According to one embodiment, the usage data filter 308 can identify each microservice in the context of a container based on the process name stored in the usage data store 306. The usage data filter 308 can then apply one or more rules to the usage data to determine which of the microservices A-C are eligible to be moved.


One non-limiting example of a rule includes determining that a given microservice is eligible to move if peak CPU usage for the microservice satisfies a CPU threshold value (e.g., 20% of total CPU utilization) for a designated amount of time (e.g., 5 minutes). It is noted that infrequent short CPU spikes are not ideal but often do not lead to system degradation. Accordingly, in some embodiments, the rule can also consider whether or not the threshold was exceeded over multiple time intervals.


Another non-limiting example of a rule includes determining that a given microservice is eligible to move if peak memory usage for the microservice satisfies a memory threshold value (e.g., 10% of total memory allocated to the container) over a designated amount of time (e.g., 5 minutes). If so, then the usage data filter 308 can determine that the microservice is eligible to be moved. Unlike CPU resources, a single instance of memory overutilization can lead to errors (e.g., negative OOM errors). Thus, in at least some embodiments, the usage data filter 308 does not consider a minimum length of time when determining which microservices are eligible to be moved.


The resource forecasting model 310 generally comprises a machine learning model that is configured to process time series data, such as a recurrent neural network (RNN). It is noted that metrics corresponding to memory usage and CPU usage are often correlated (e.g., high CPU usage indicates work being done in a process, which often causes increased memory consumption, and vice versa). In some embodiments, the resource forecasting model 310 can comprise a multivariate Long Short-Term Memory (LSTM) model that is trained to forecast CPU usage and memory usage.


Generally, a multivariate LSTM model is a type of RNN that is capable of learning long-term (e.g., temporal) dependencies between multiple variables in time series data. LSTM models can process an entire sequence of data using feedback connections. An LSTM model can include a plurality of LSTM units, where each LSTM unit comprises a cell state and three logical gates (an input gate, an output gate, and a forget gate). The forget gate decides which information from the previous cell state should be forgotten (e.g., by applying a sigmoid function). The input gate controls the information flow to the current cell state, and the output gate decides which information should be passed on to the next hidden state. It is to be appreciated that other machine learning models can be used in other embodiments, including other RNN-based models or possibly transformer-based models.
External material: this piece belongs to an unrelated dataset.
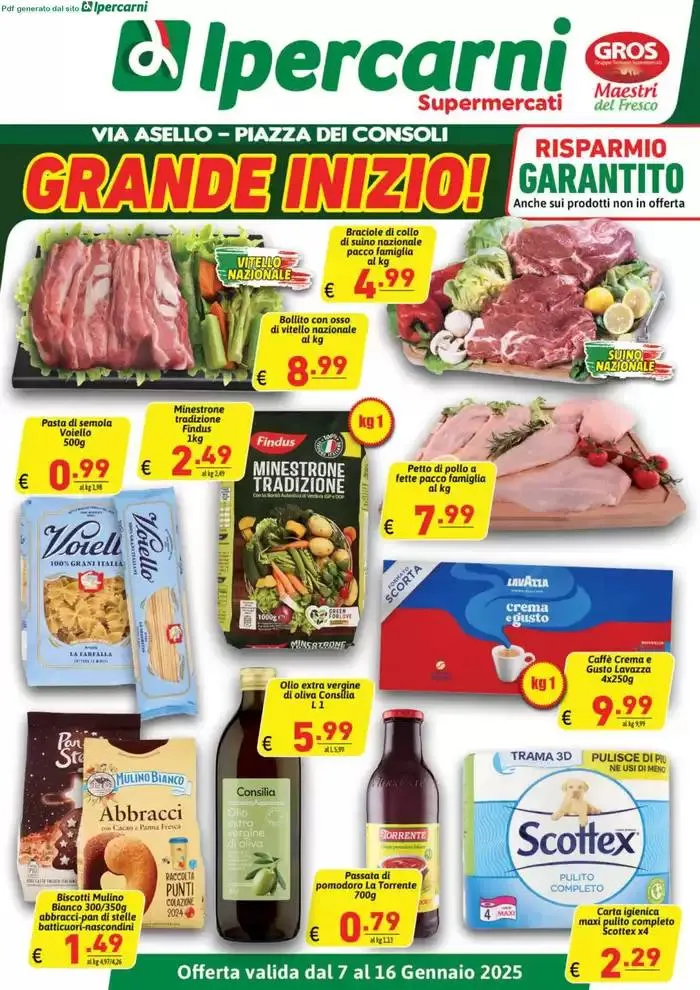 Grande inizio! - 1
In at least one embodiment, the resource forecasting model 310 can obtain input data from the usage data store 306 corresponding to microservices eligible to move, as determined by the usage data filter 308. For example, the input data may correspond to one or more of the attributes in the database schema 400 (e.g., cpu_percent, res_memory, virtual_memory, and/or shared_memory). The resource forecasting model 310 can output a forecast for CPU utilization and a forecast for memory utilization for each microservice that is eligible to move.


The threshold detector 312 includes functionality for generating information (e.g., a list) indicating which microservices should and/or should not be grouped together based on the forecasts output by the resource forecasting model 310, as explained in more detail in conjunction with FIG. 5.


The microservice placement module 314 can then determine a new configuration that moves one or more of the microservices (e.g., microservices A-C) into new or different containers. In at least one embodiment, the microservice placement module 314 can automatically move and/or create containers to implement the new configuration. Alternatively, or additionally, the information can be output to a user (e.g., a system administrator) for verification before the configuration is implemented.


It is to be appreciated that at least some of the functionality associated with elements 304, 306, 308, 310, 312, and/or 314 of the microservice configuration system 302 in other embodiments can be implemented on other systems and/or devices. As a non-limiting example, the usage data collector 304 may comprise auxiliary applications associated with the respective microservices that transmit usage data to the microservice configuration system 302.



FIG. 5 illustrates a microservice forecasting process in an illustrative embodiment. It is to be understood that this particular process is only an example, and additional or alternative processes can be carried out in other embodiments.


In this embodiment, the process includes steps 502 through 522. These steps can be performed at least in part by microservice configuration system 302.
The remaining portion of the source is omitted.